The DSCA has defined an end and now it is the responsibility of the trading partners to figure out how they’re going to meet those requirements to achieve the means to that end. To understand the basics of what needs to be done to achieve the levels of traceability laid down by the DSCSA, let’s look at the three major keystones of traceability,
Serialization
The first part is serialization which refers to the establishment of a unique identity for a drug product at the smallest saleable unit across one or more packaging levels of that product.
Track and Trace
Tracking is oftentimes looked at as a forward view – where the product is right now, and capturing the information as it moves through the supply chain. Tracing can be more of a historic view – where the product has been, or who has owned it.

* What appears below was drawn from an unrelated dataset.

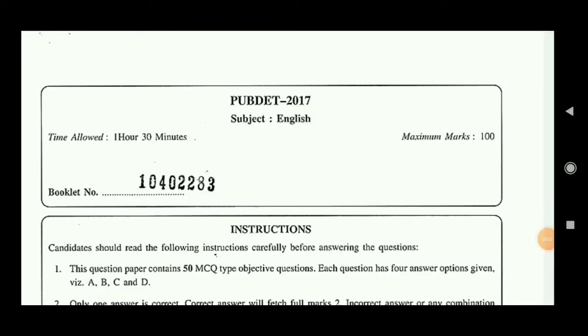Hey guys, welcome back to my channel. In this video I will discuss PUBDET English 2017 question papers. I have already made videos on PUBDET 2018 and 2019 question papers, and I have also made a video on how to prepare for PUBDET English. If you have not watched those videos, go and check out the playlist: Presidency University Entrance Exam Preparation. You will get all the videos together in that playlist, and I have given the link in the description box.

Tracing helps us understand changes of ownership and allows us to go back to a certain point in the product life cycle.
Verification
After establishing a unique identity to a product and traceability of transactions associated with the product, it is imperative that the system verifies information about the products and transactions at one or more places in the supply chain. Verification is more about regulation, and laws will have requirements to verify the serial number and transaction history of the products.
Benefits of Traceability In Pharma
It is critical to have a system that can record data at every stage of the production process. Aside from providing real-time insights into the manufacturing process, traceability also offers other benefits such as,
- Implementing processes required to ensure regulatory compliance becomes much simpler with a traceability system in place since it helps perform audits at different stages.
- It allows the organization to recall specific products in case a non-conforming event comes to notice.
- Incorporating traceability processes within a workflow can improve stock control since it assists in reducing scrap, managing expiring stock, and consequently improving profitability.
- Having a traceability system in place also works as a value-add leading to better working relationships with suppliers and customers.
Final Takeaway
Brian Daledien, VP of Industry Marketing, Tracelink, defines traceability as “the information about the products and their journey – from inception to the patient”. In the pharmaceutical industry, traceability has three main benefits; it increases supply chain visibility, improves quality control systems, and reduces the risk of introducing counterfeit medication into the market. As suppliers are solely responsible for the end product, traceability is incredibly important for a number of reasons.